Stored data entries:

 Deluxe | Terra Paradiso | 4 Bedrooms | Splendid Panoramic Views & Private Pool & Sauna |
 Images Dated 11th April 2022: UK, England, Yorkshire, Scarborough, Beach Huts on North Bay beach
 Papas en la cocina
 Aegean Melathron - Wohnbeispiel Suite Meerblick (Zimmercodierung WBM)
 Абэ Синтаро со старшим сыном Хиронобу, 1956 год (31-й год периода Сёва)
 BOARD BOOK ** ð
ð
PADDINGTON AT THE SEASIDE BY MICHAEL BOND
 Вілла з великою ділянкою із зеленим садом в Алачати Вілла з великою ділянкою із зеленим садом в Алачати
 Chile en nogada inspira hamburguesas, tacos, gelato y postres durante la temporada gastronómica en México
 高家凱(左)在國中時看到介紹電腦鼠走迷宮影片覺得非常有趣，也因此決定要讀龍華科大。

What you have to do: None of the lines before the one containing "Aegean Melathron - Wohnbeispiel" belong in the answer; reproduce that line and all later lines of the records exactly.

Task output:
 Aegean Melathron - Wohnbeispiel Suite Meerblick (Zimmercodierung WBM)
 Абэ Синтаро со старшим сыном Хиронобу, 1956 год (31-й год периода Сёва)
 BOARD BOOK ** ð
ð
PADDINGTON AT THE SEASIDE BY MICHAEL BOND
 Вілла з великою ділянкою із зеленим садом в Алачати Вілла з великою ділянкою із зеленим садом в Алачати
 Chile en nogada inspira hamburguesas, tacos, gelato y postres durante la temporada gastronómica en México
 高家凱(左)在國中時看到介紹電腦鼠走迷宮影片覺得非常有趣，也因此決定要讀龍華科大。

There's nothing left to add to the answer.